**DATA SUPPLIED:**

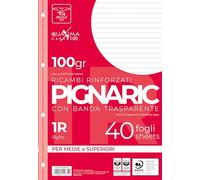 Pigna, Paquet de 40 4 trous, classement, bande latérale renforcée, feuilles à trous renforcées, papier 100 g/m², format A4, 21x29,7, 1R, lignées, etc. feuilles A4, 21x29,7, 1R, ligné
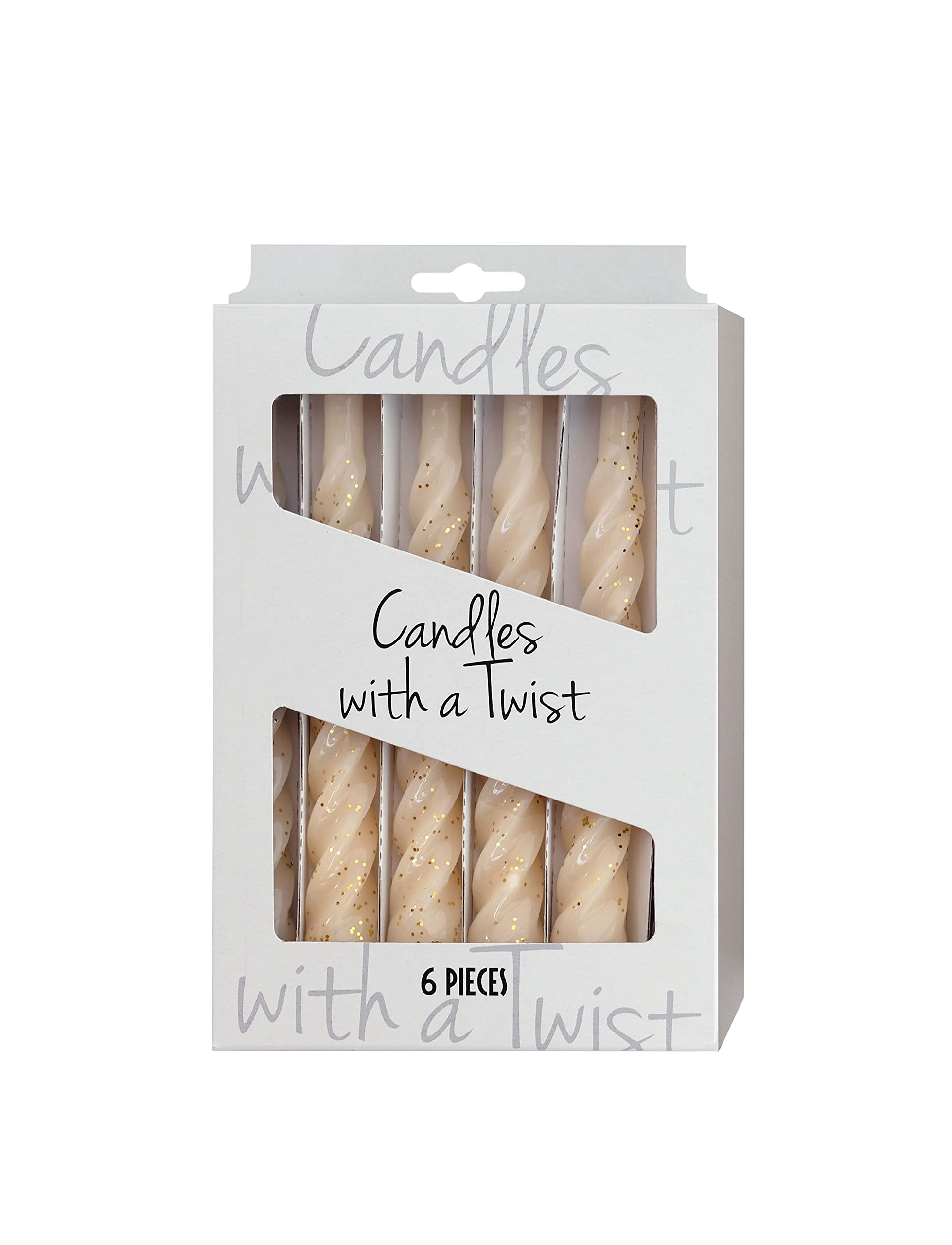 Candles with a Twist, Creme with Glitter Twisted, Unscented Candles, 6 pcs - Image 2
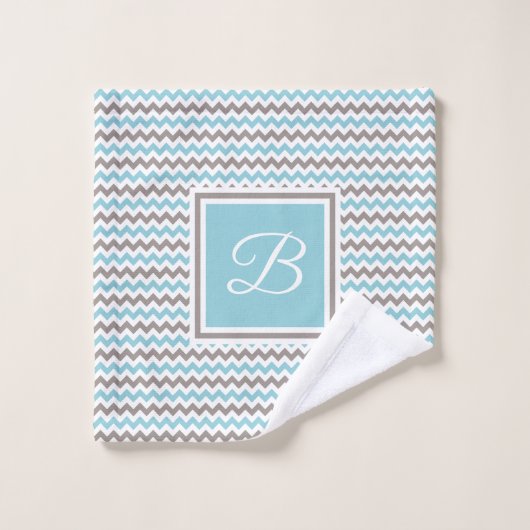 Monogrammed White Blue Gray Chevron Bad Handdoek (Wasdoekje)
==
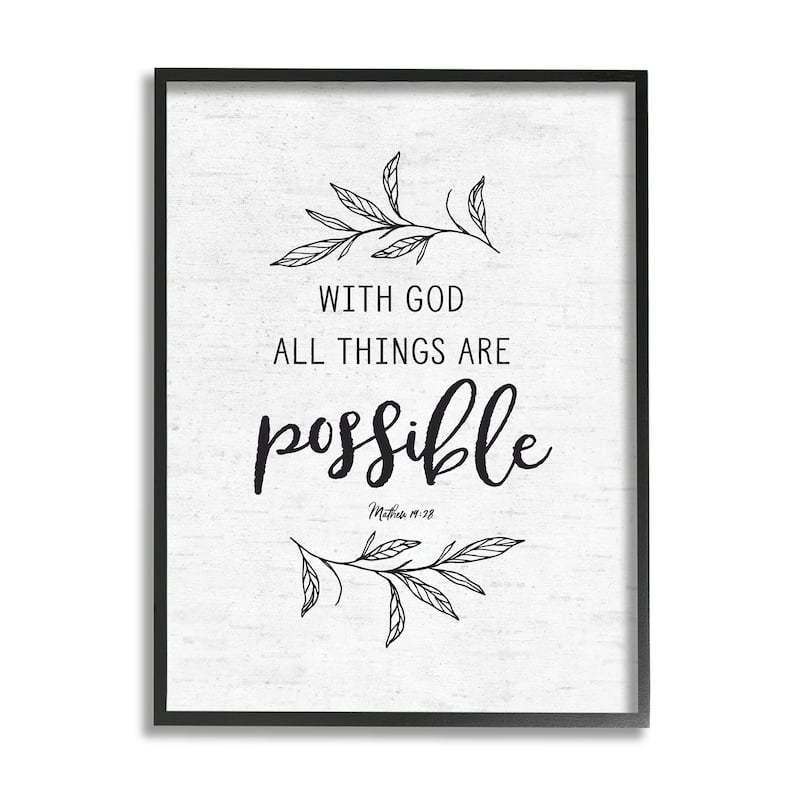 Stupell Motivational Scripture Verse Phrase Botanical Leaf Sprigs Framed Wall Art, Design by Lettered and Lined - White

**WORK REQUIRED:** Reproduce the listing above exactly from the line containing "Candles with a" up to and including the line containing "Monogrammed White Blue", omitting any images and everything outside those lines.

**RESULT OF THE TASK:**
 Candles with a Twist, Creme with Glitter Twisted, Unscented Candles, 6 pcs - Image 2
 Monogrammed White Blue Gray Chevron Bad Handdoek (Wasdoekje)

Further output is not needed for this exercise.